WHAT TO WORK ON:
An exact copy is needed of the lines in the entries below from the line with "Faltdisplay Pop-Up MODULAR" up to and including the line with "Caterpillar Hooded Long", and of nothing else. Leave the pictures out.

EXERCISE MATERIALS:

··········

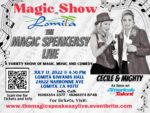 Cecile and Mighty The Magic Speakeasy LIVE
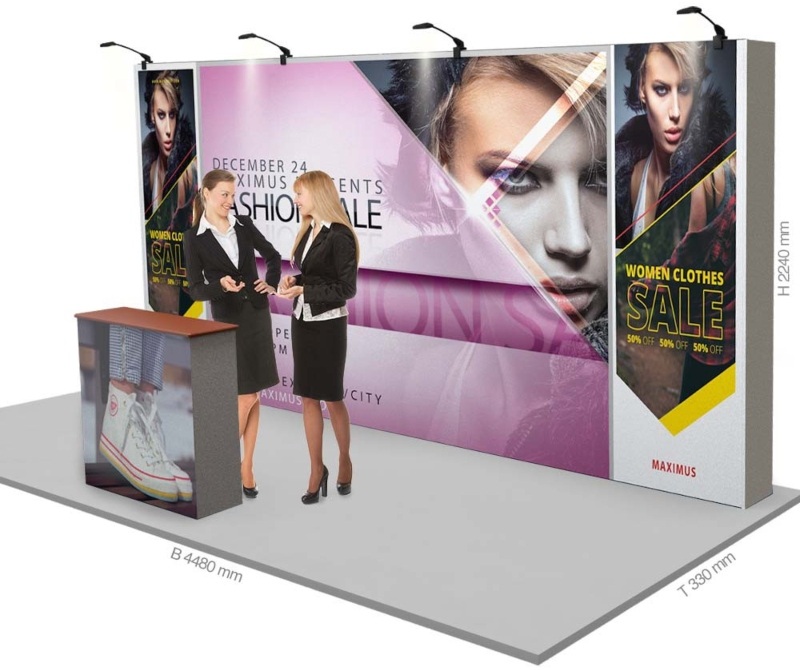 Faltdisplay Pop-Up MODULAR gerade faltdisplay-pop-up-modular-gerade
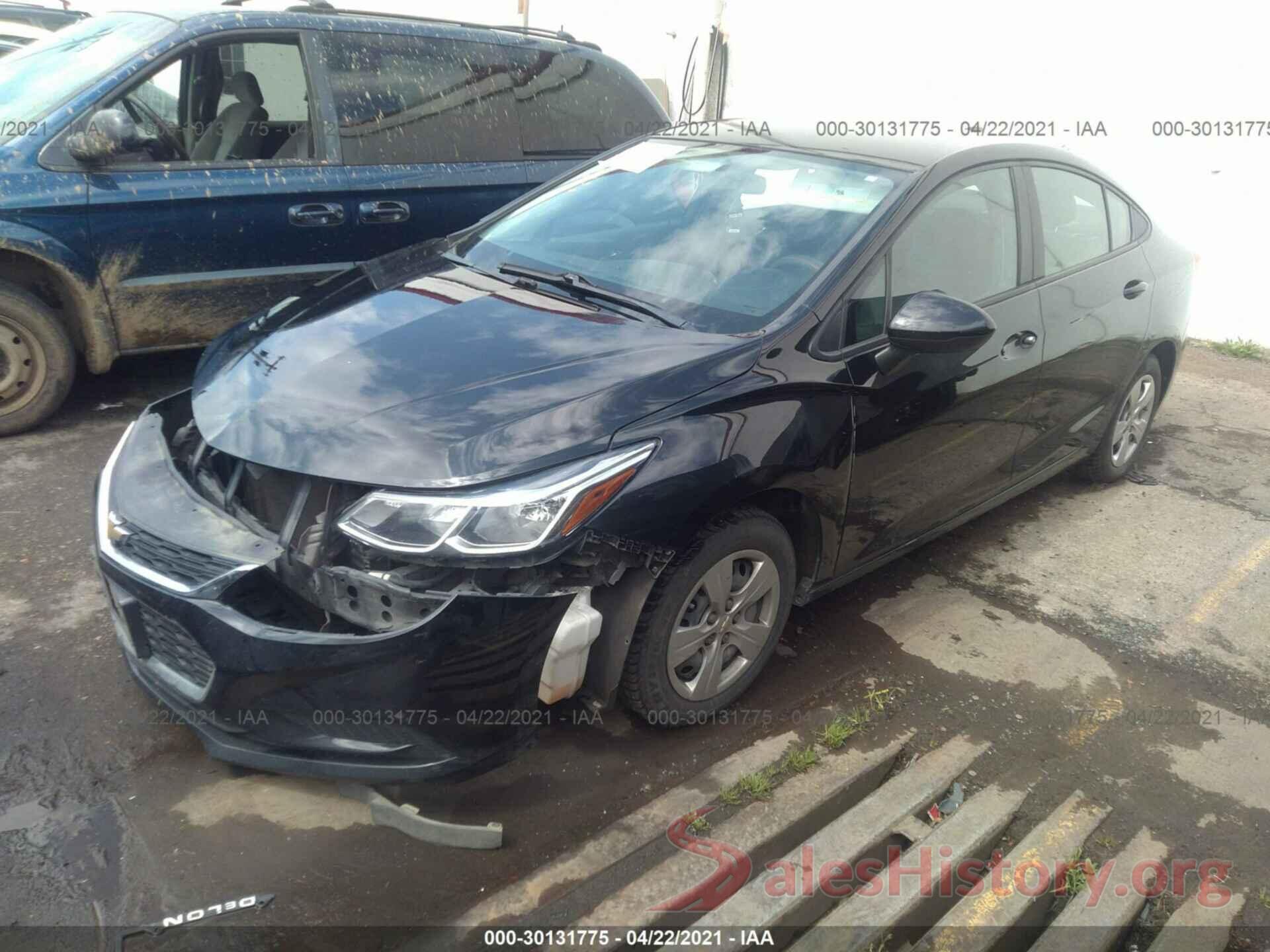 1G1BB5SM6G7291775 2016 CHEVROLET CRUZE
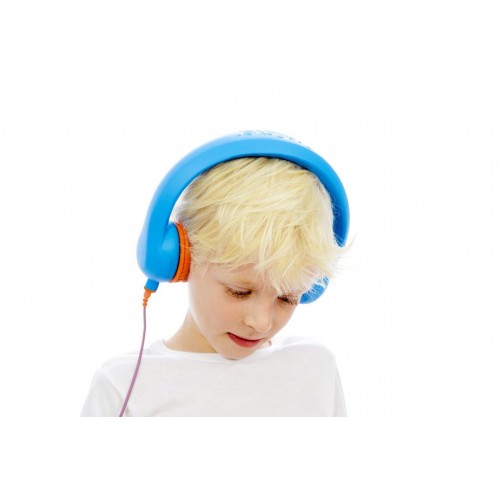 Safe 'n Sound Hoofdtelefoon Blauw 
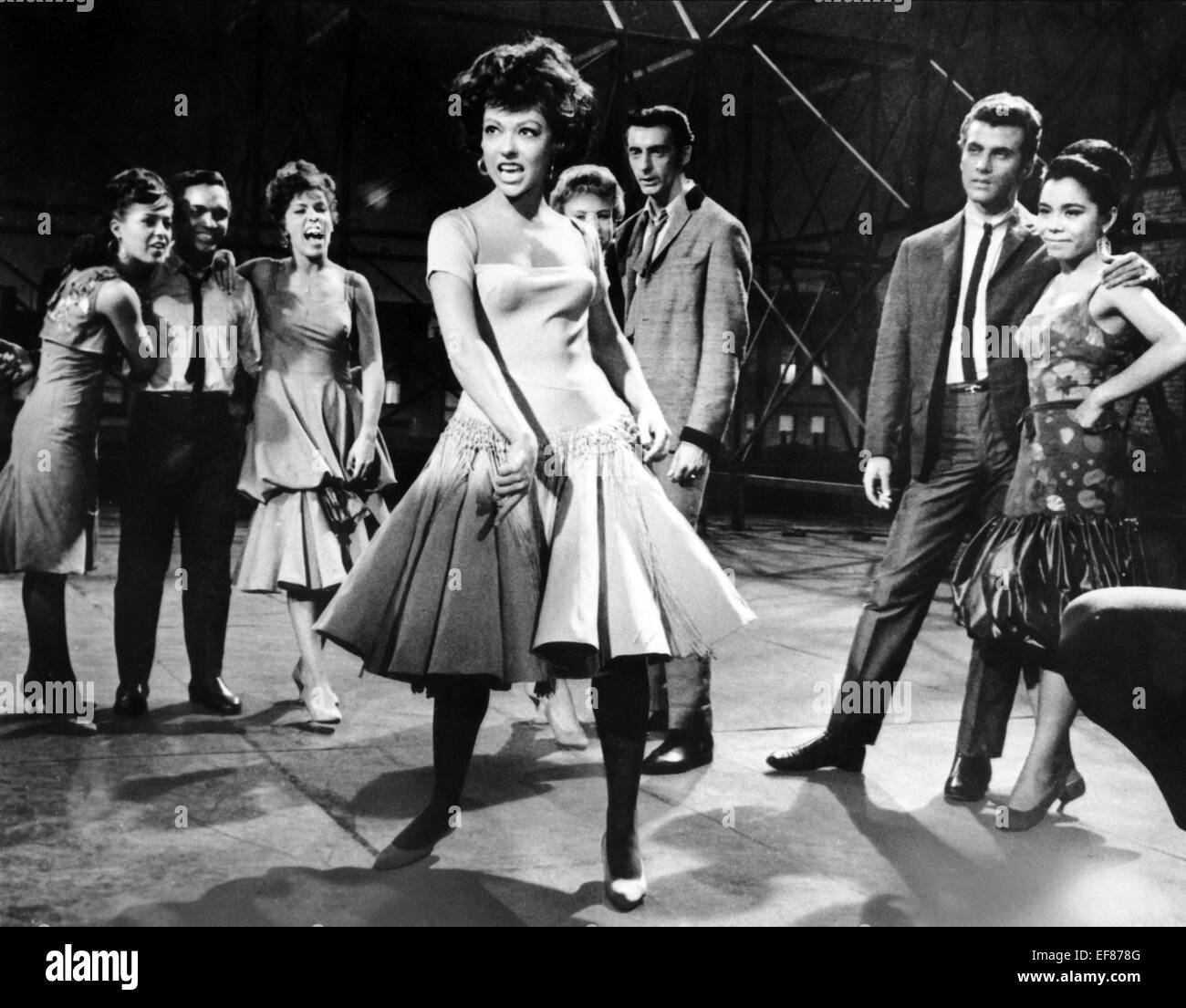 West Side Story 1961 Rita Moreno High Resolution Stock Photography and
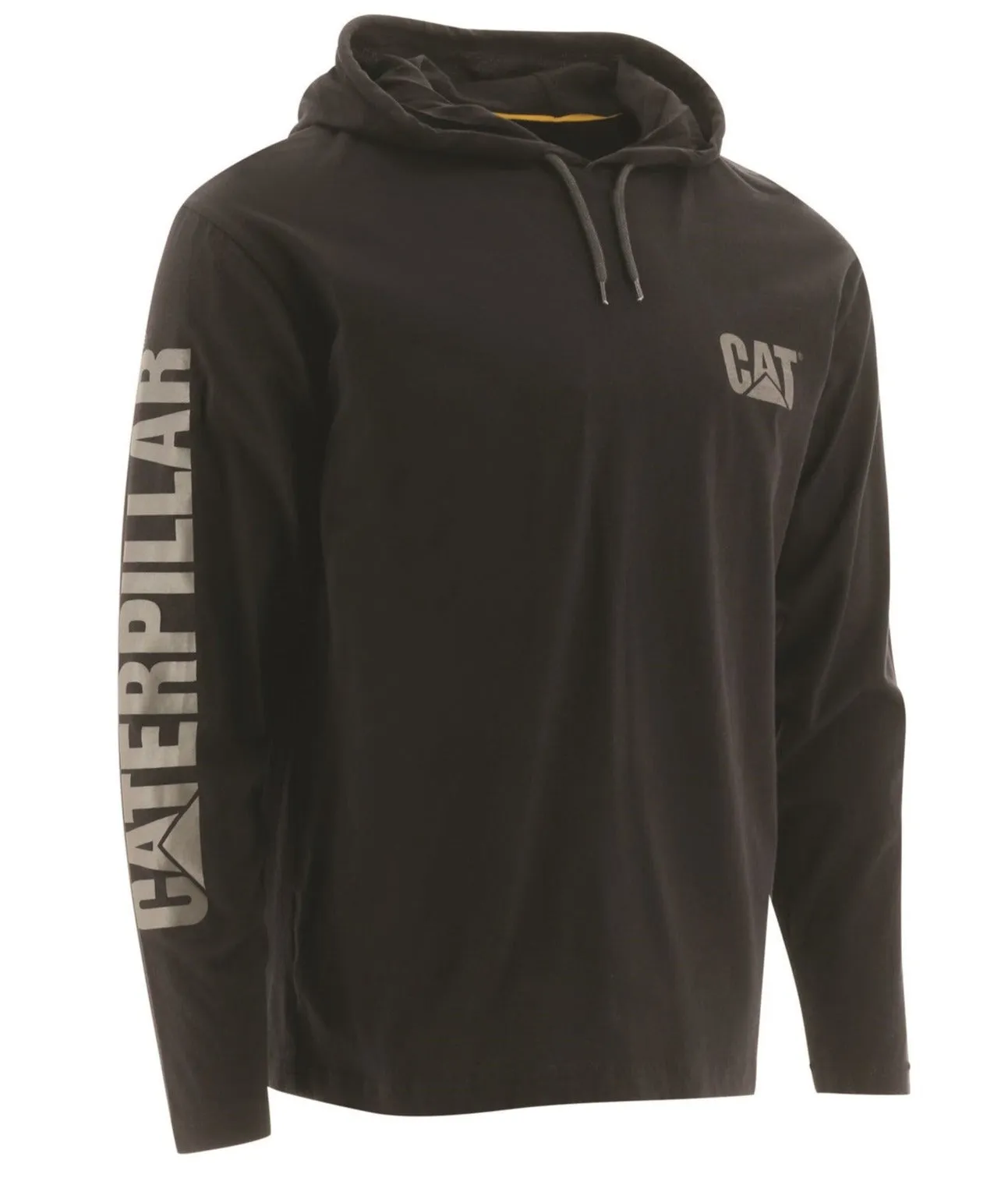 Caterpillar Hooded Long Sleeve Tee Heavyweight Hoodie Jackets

··········

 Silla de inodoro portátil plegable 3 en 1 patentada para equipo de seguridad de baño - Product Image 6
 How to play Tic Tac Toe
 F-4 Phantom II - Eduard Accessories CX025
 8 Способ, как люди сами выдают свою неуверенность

··········

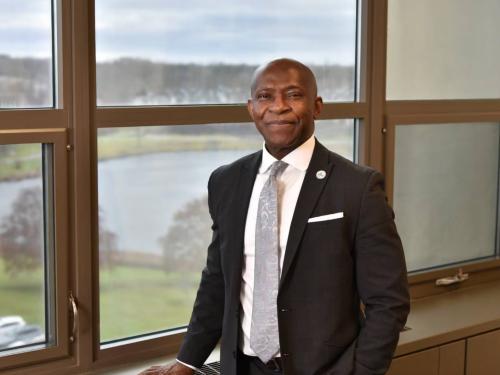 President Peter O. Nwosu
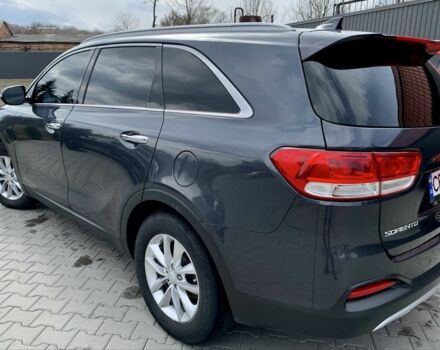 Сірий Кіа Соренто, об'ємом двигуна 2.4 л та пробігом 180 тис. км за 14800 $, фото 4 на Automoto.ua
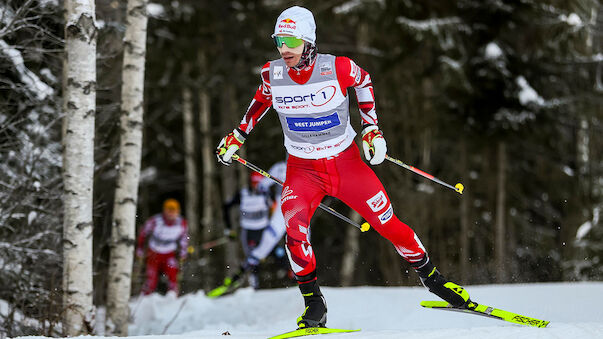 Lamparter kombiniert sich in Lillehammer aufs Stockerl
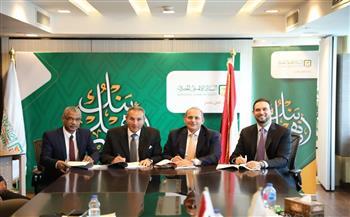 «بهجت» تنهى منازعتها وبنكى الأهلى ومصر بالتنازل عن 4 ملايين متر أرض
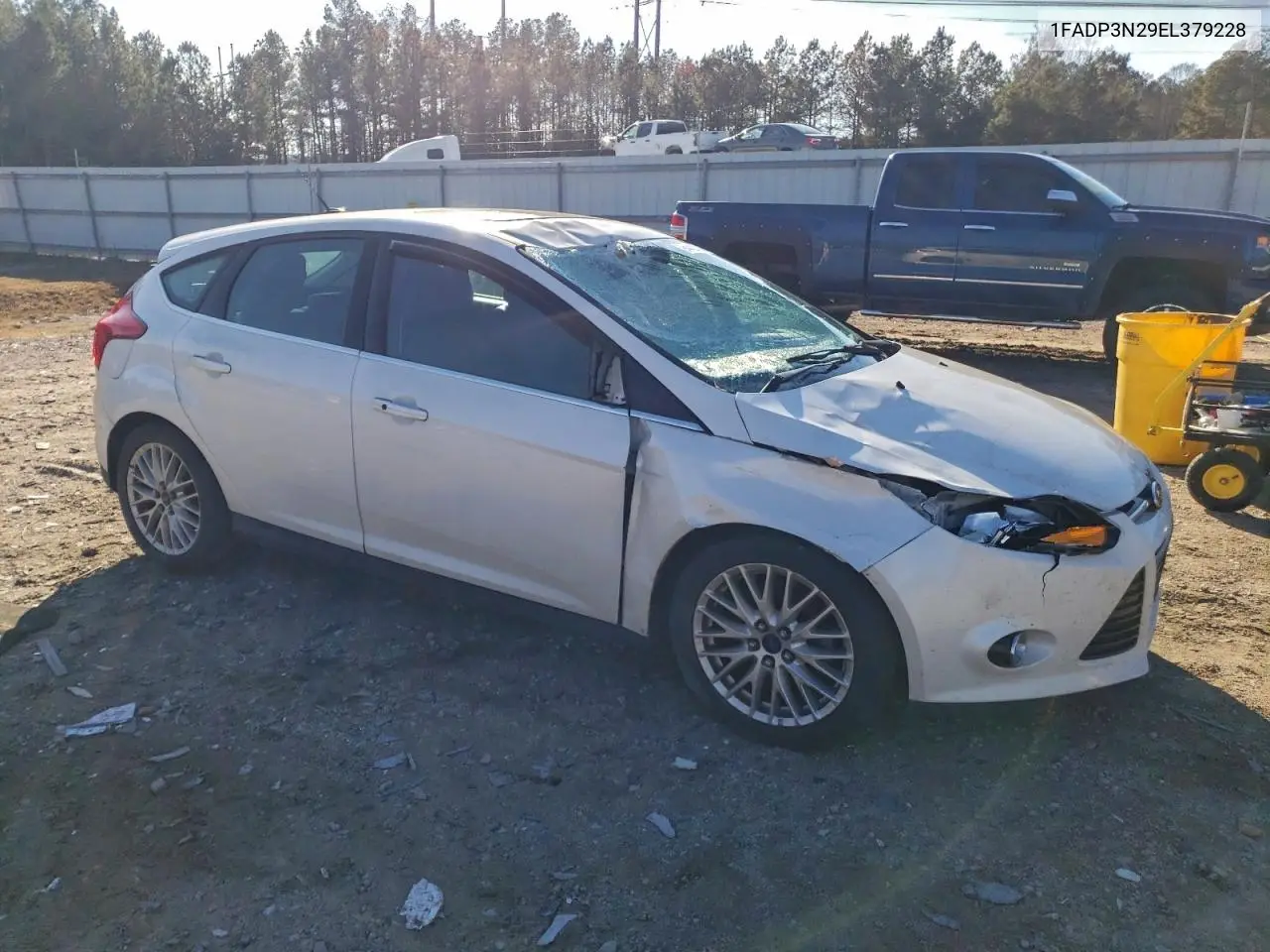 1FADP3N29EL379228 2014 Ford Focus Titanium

··········

TASK OUTPUT:
 Faltdisplay Pop-Up MODULAR gerade faltdisplay-pop-up-modular-gerade
 1G1BB5SM6G7291775 2016 CHEVROLET CRUZE
 Safe 'n Sound Hoofdtelefoon Blauw 
 West Side Story 1961 Rita Moreno High Resolution Stock Photography and
 Caterpillar Hooded Long Sleeve Tee Heavyweight Hoodie Jackets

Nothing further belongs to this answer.